I’ve seen discussed the MVC project structure using a UI Project and a Code Project. e.g.
http://lostechies.com/jimmybogard/2009/12/09/organizing-asp-net-mvc-solutions/
http://stackoverflow.com/questions/4357911/an-ideal-folder-structure-for-net-mvc
I’ve tried to do this in Visual Web Developer 2010 Express but I still end up having the following non-website related files in the UI project: .csproj, .csproj.user, the project dll file and the project pdb file.
This defeats the purpose, as the point of splitting into two projects was to have the UI one clean enough to run directly as the website without having to filter out un-necessary files.
- I copied the original project into a second project contained within the same solution
- I deleted the code files from the first project making it the UI project
- I deletes the UI files from the second project making it the code project
- I added a reference to the code project in the UI project.
Have I done this wrong? Or is this a limitation of this approach?
Any additional detail which might help me get this configuration working would be appreciated.
The reason for separating a project into separate core + UI projects is to cleanly separate the source code concerns.

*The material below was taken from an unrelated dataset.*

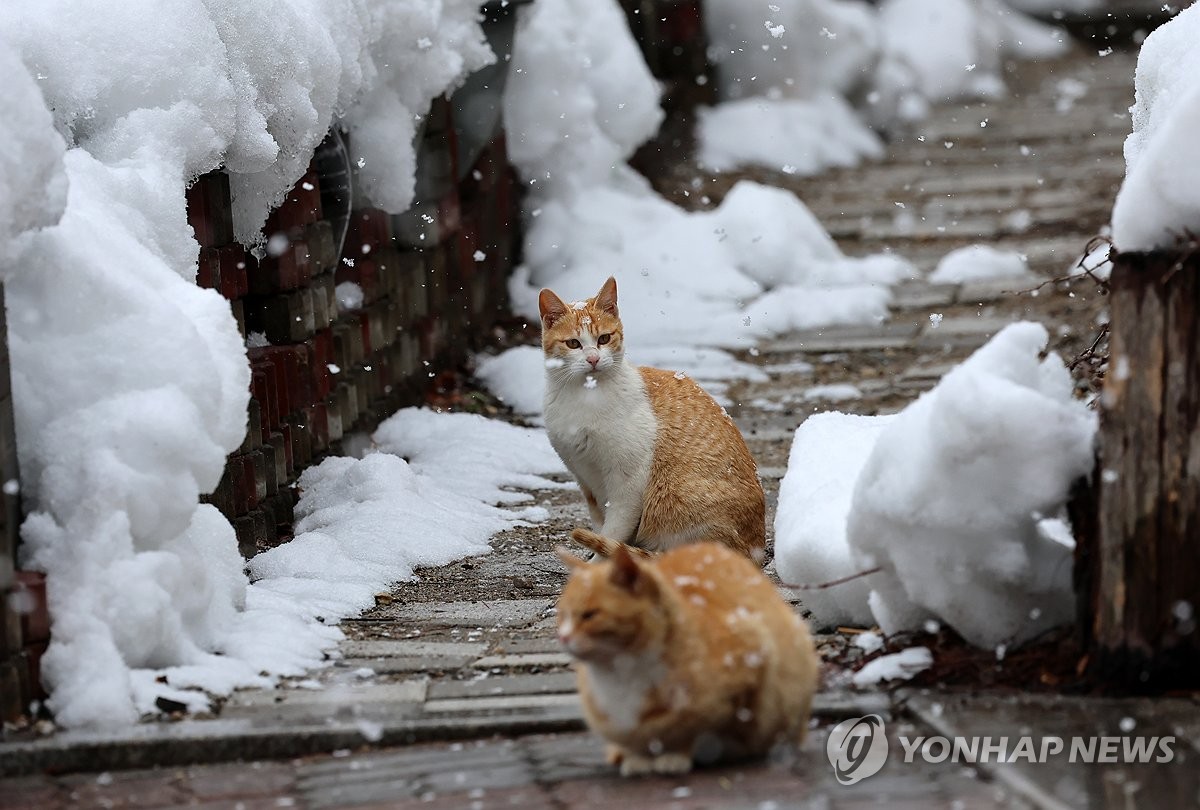 전국에 비 또는 눈 오고 기온 '뚝'…강원·경북 산지엔 눈 쌓여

Two of the files you are mentioning, the CSPROJ and CSPROJ.USER files, are for VWD only. They are not source code, and are not deployed when you publish your project.
The other 2 files, core DLL and core PDB, are runtime assemblies and debug files respectively. Your UI project will need a reference to these in order to be able to run code written and compiled into the core project.
So, having Core.dll and Cord.pdb in the bin folder of your UI project is okay, and doesn’t violate SoC. The csproj files have nothing to do with code, they are only there so that VWD can manage the projects.